History Part 10 : The Forgotten Front: Bacteriophage Therapy During World War II (1942–1945)

The Forgotten Front: Bacteriophage Therapy During World War II (1942–1945)

Introduction: Medicine in the Shadows of Total War

As World War II intensified between 1942 and 1945, the global medical landscape was reshaped by wartime necessity, geopolitical isolation, and scientific ingenuity. Amid the rise of industrial-scale antibiotic development in some parts of the world, a parallel, often overlooked story was unfolding: the persistent and at times groundbreaking use of bacteriophage therapy.

Phage therapy—based on the use of viruses that infect and kill bacteria—had already been discovered in the early 20th century by Félix d’Herelle and others. While enthusiasm in Western Europe had begun to wane by the late 1930s, the global conflict brought new urgency and complexity to the fight against bacterial infections. With logistics disrupted, pharmaceuticals rationed, and field hospitals overwhelmed, phage therapy found both revival and reinvention in unexpected corners of the war-torn world.

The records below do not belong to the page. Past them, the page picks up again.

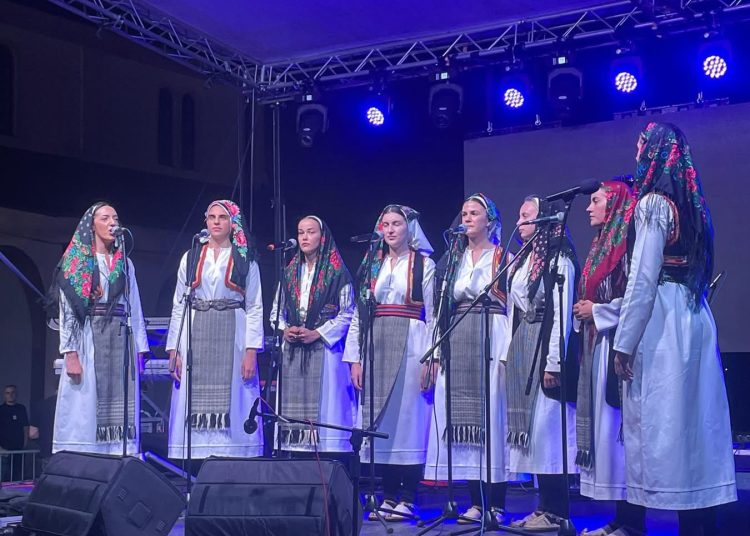 Blatničke note dobrote u znaku humanosti i zajedništva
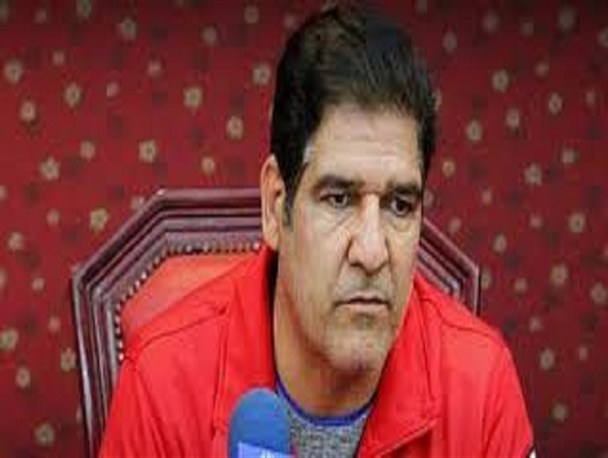 حاشیه‌ها مانع صعود ما به 6 تیم اول جدول رده بندی شد/ مدافع اعتبارمان در لیگ هستیم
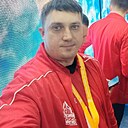 Макс, 37 лет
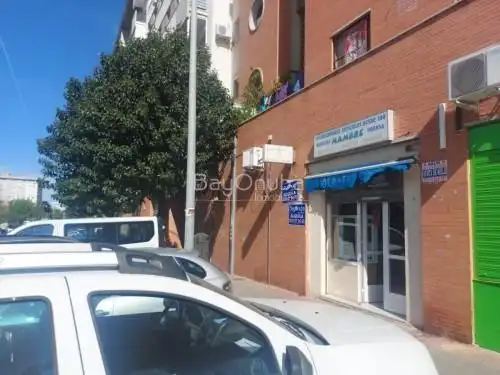 Vista exterior de Local en venda en Huelva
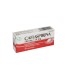 Cafiaspirina 500/50 mg 20 comprimidos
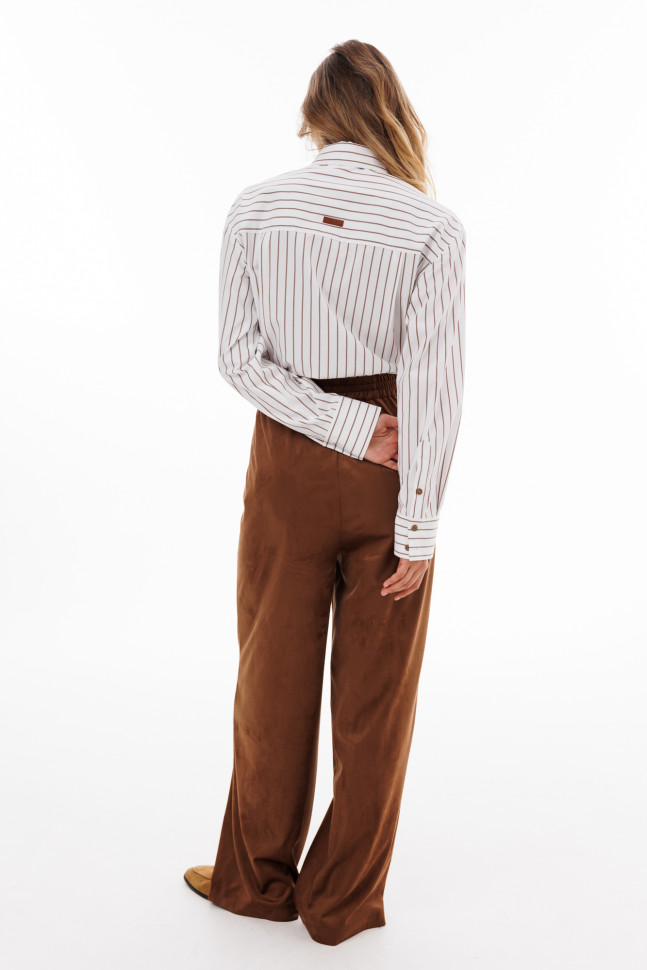 Брюки Eola 2934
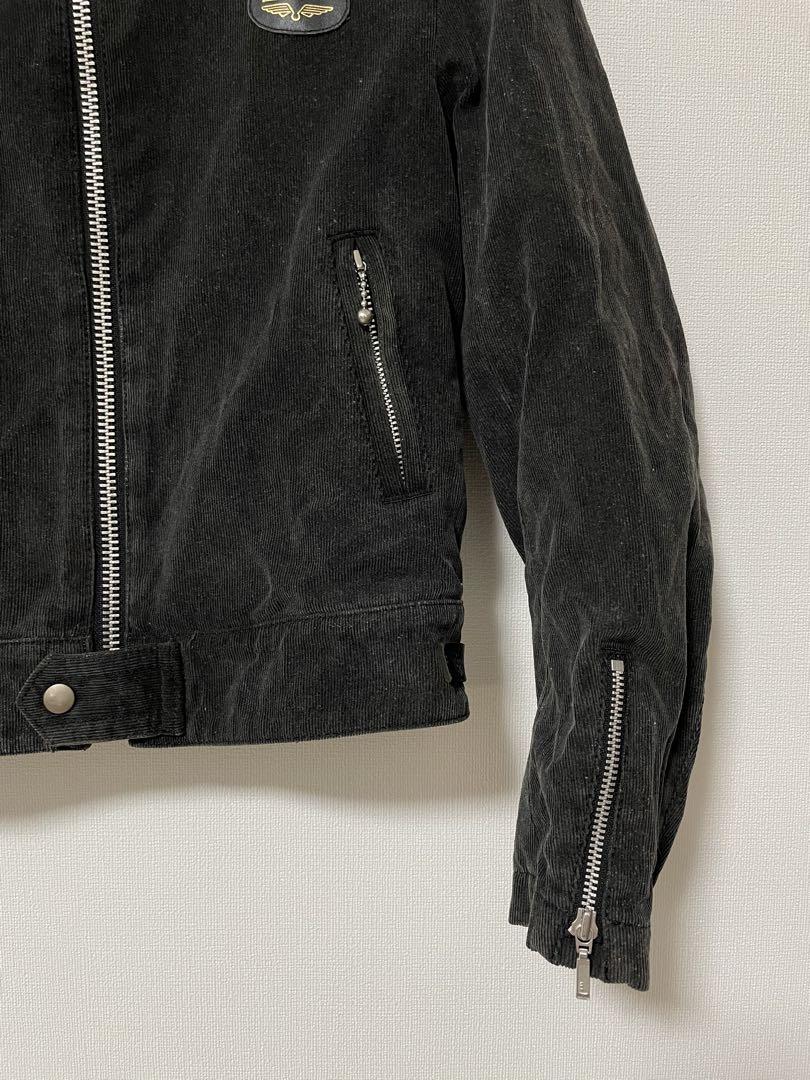 Junya Watanabe COMME des GARÇONS ライダース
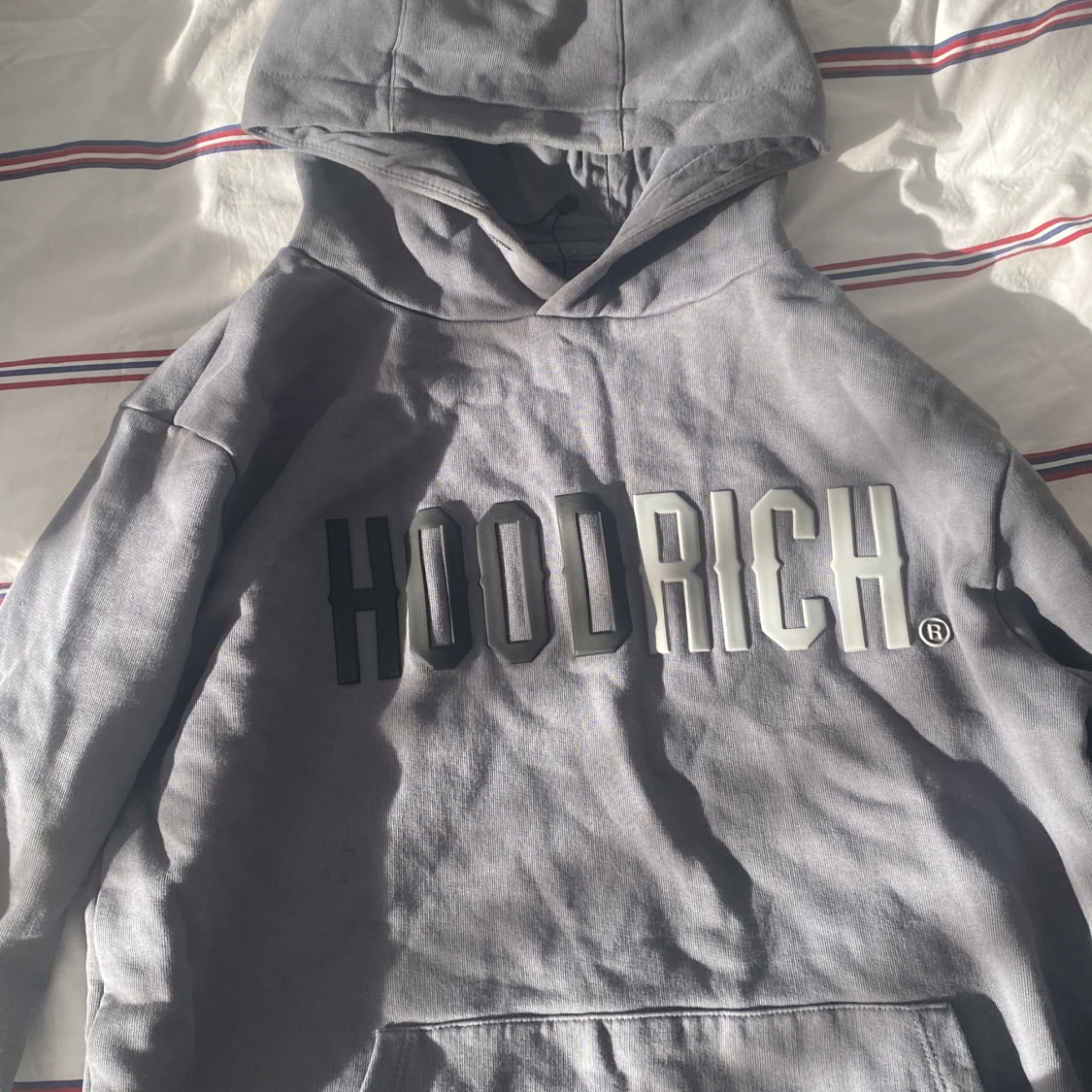 Hoodrich hoodie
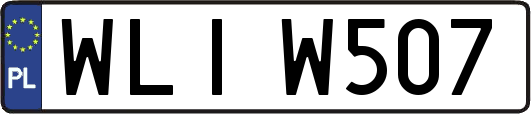 WLIW507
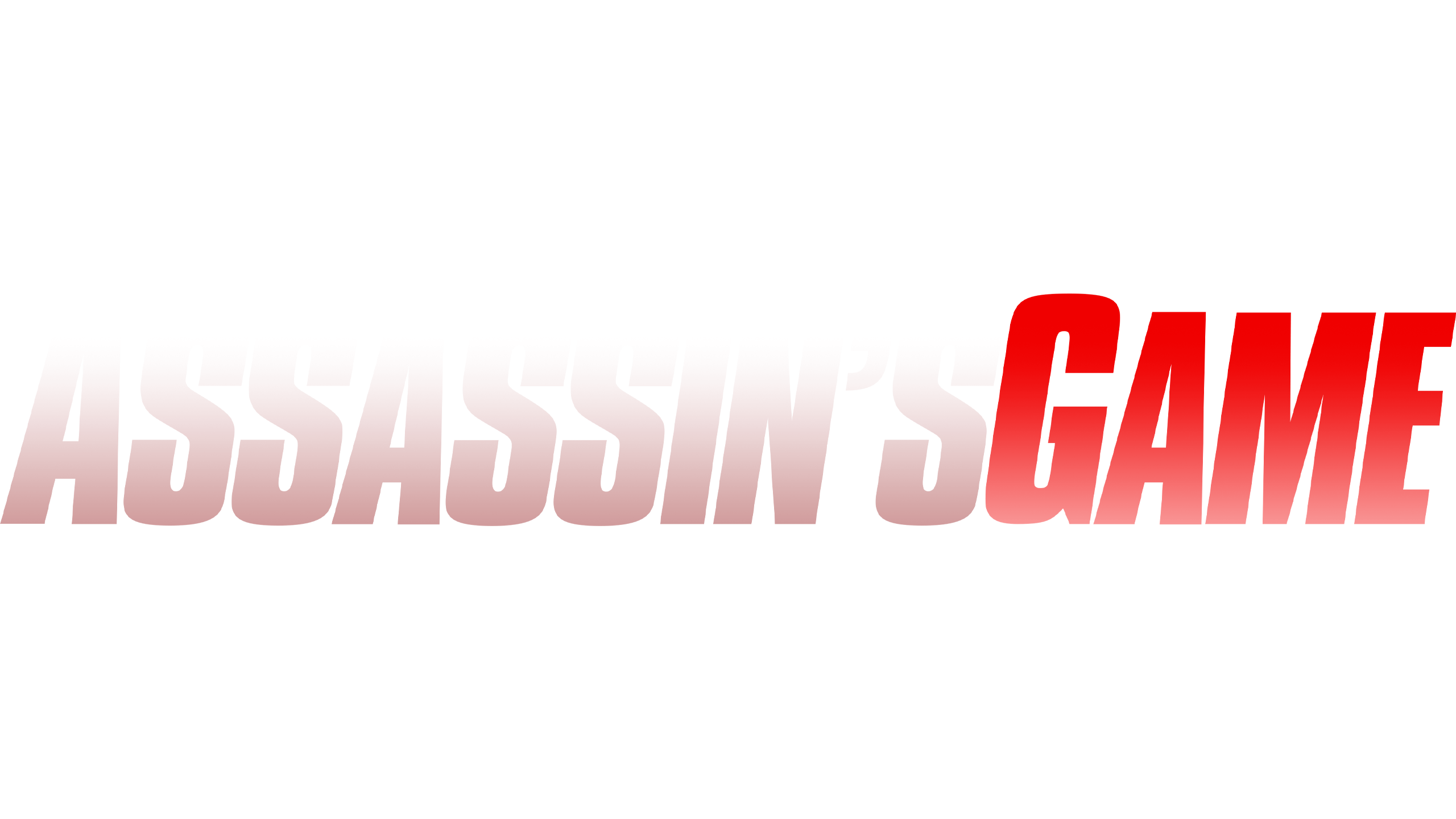 Assassin's Game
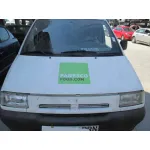 FIAT SCUDO (222) FIAT SCUDO (222) '2001 2.0 JTD CAT BLANCO 1995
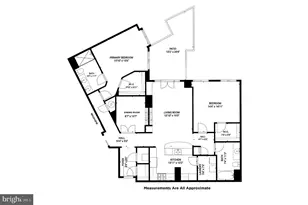 2501 Wisconsin Ave NW, Washington, DC 20007 - Photo 23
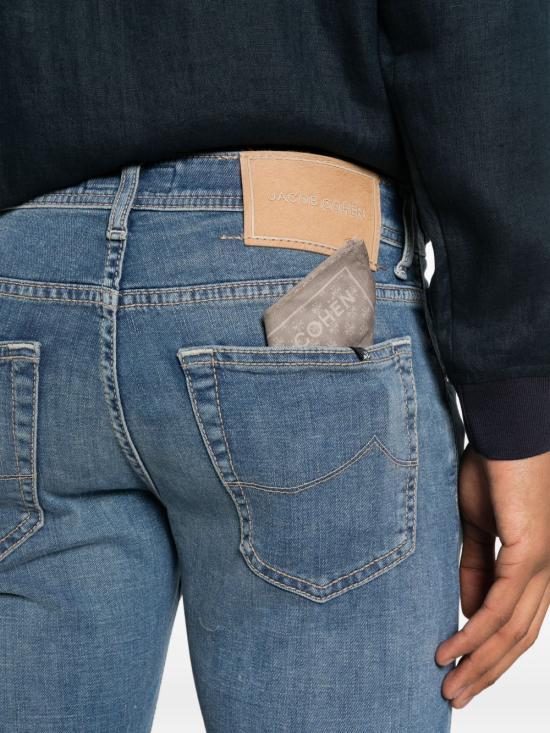 26SS 야콥코헨 데님 팬츠 JUMQE007057 S4260V2200D Blue - JACOB COHËN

The Soviet Union: Strategic Medicine and Scientific Defiance

In the Soviet Union, bacteriophage therapy did not merely survive the war years—it expanded. Despite suffering immense human and material losses on the Eastern Front, the USSR maintained a robust infrastructure for the research, production, and distribution of therapeutic phages.

The Eliava Institute in Tbilisi, under the leadership of scientists like George Eliava (whose legacy persisted long after his execution in 1937), played a central role. During the war, its staff worked in coordination with military medical units and regional laboratories in Moscow, Odessa, and Leningrad to produce phages targeting pathogens such as Shigella, Staphylococcus aureus, and Pseudomonas aeruginosa. By 1944, these institutions had distributed more than three million doses of phage preparations to military and civilian populations.

Following the Siege of Leningrad, in one of the most desperate and unsanitary urban environments of the 20th century, phage therapy was deployed alongside basic sanitation campaigns to prevent typhoid and dysentery. Reports from the Soviet Ministry of Health in 1943 claimed success rates exceeding 75% for dysenteric infections treated with phage-based solutions, especially in children and soldiers with weakened immunity.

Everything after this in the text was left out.